*The problem:*
Your response should be an exact transcription of the data, images excluded.

*Task material:*
────────

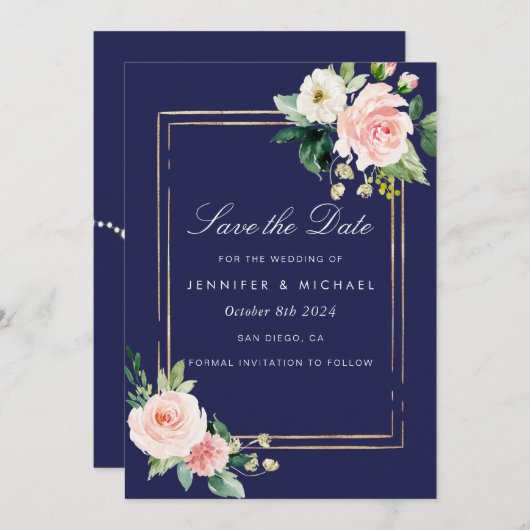 Navy Blue Blush Pink Gold Save the Date Kaart (Voorkant / Achterkant)
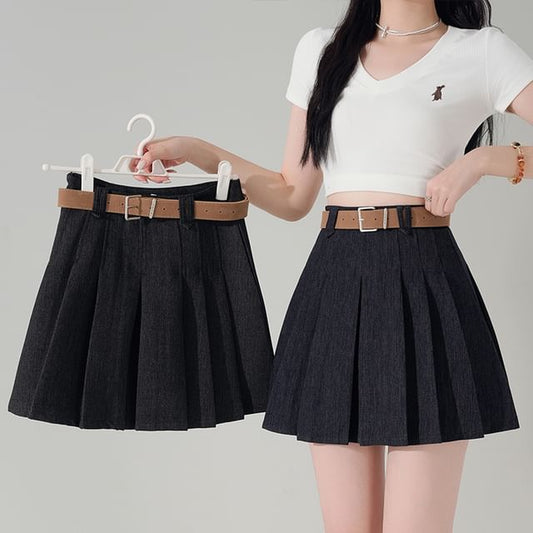 High Waist Pleated Denim Mini A-Line Skirt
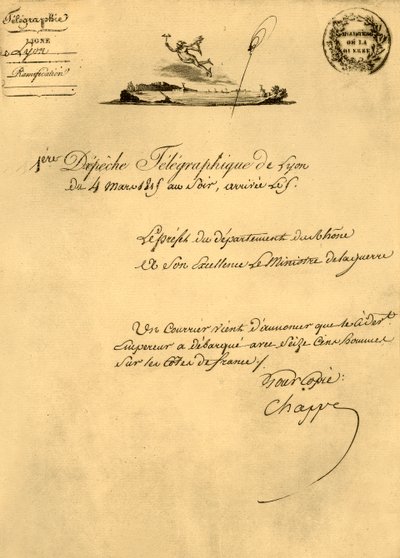 First Telegraph Despatch from Lyon, 4 March 1815, 1921 by Unbekannt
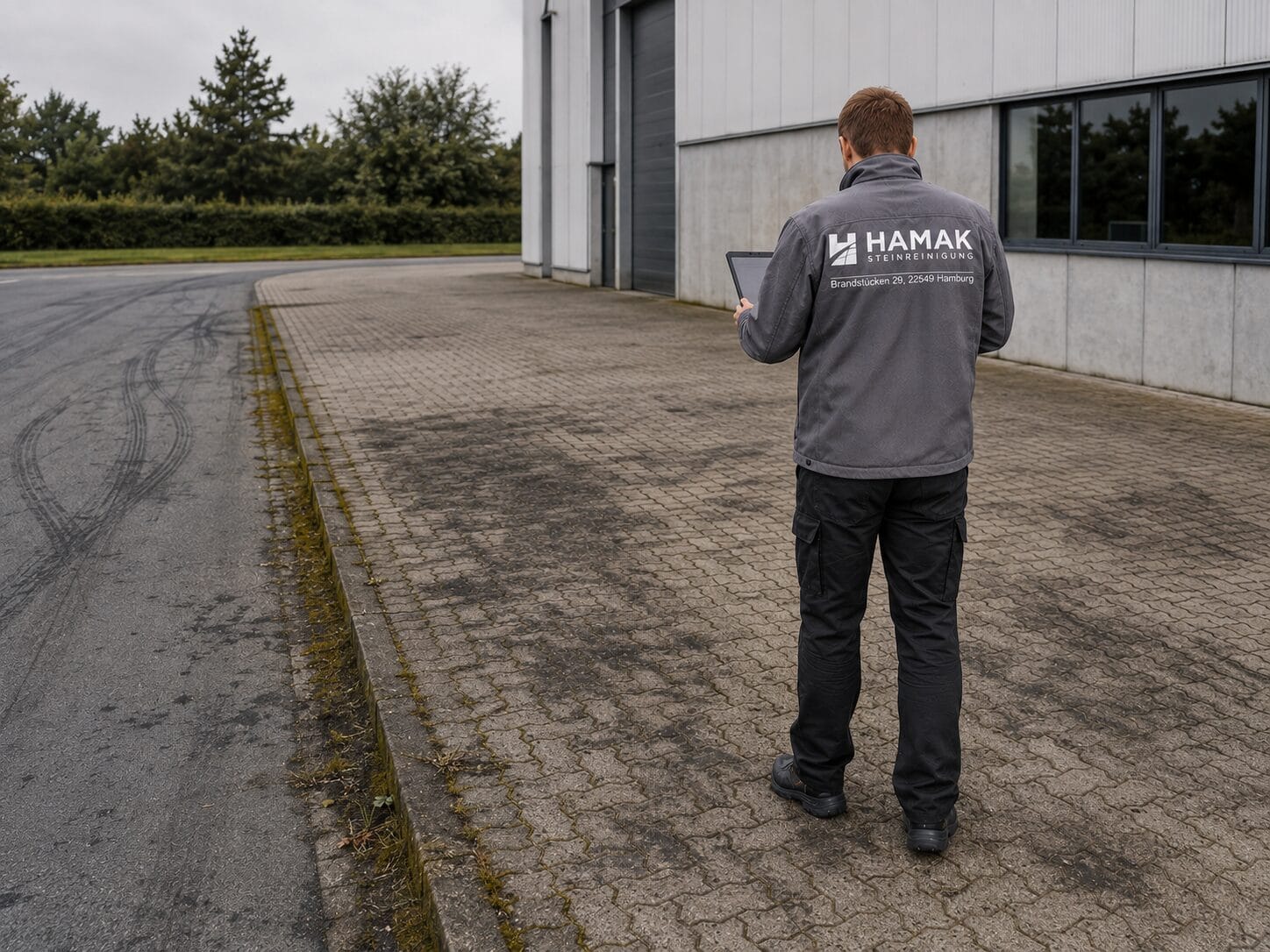 Zonenplanung für hartnäckig verschmutzte Bereiche einer gewerblichen Außenfläche
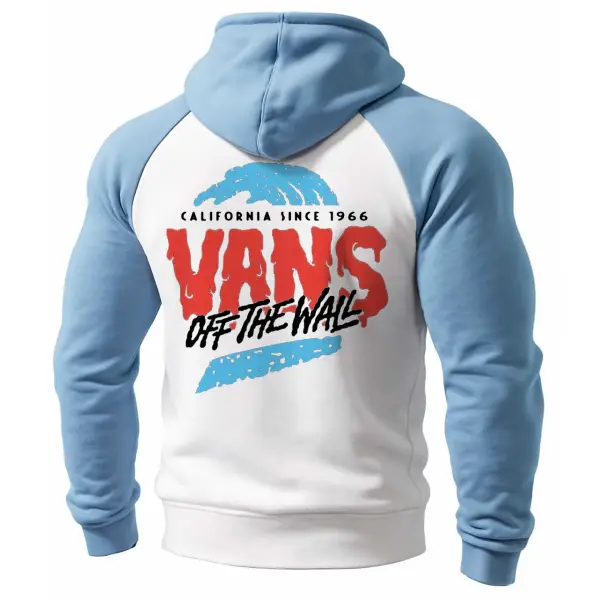 Men's Vintage Off The Wall Surf Print Pocket Raglan Long Sleeve Hoodie - Wayrates.com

────────

*Solution to this exercise:*
 Navy Blue Blush Pink Gold Save the Date Kaart (Voorkant / Achterkant)
 High Waist Pleated Denim Mini A-Line Skirt
 First Telegraph Despatch from Lyon, 4 March 1815, 1921 by Unbekannt
 Zonenplanung für hartnäckig verschmutzte Bereiche einer gewerblichen Außenfläche
 Men's Vintage Off The Wall Surf Print Pocket Raglan Long Sleeve Hoodie - Wayrates.com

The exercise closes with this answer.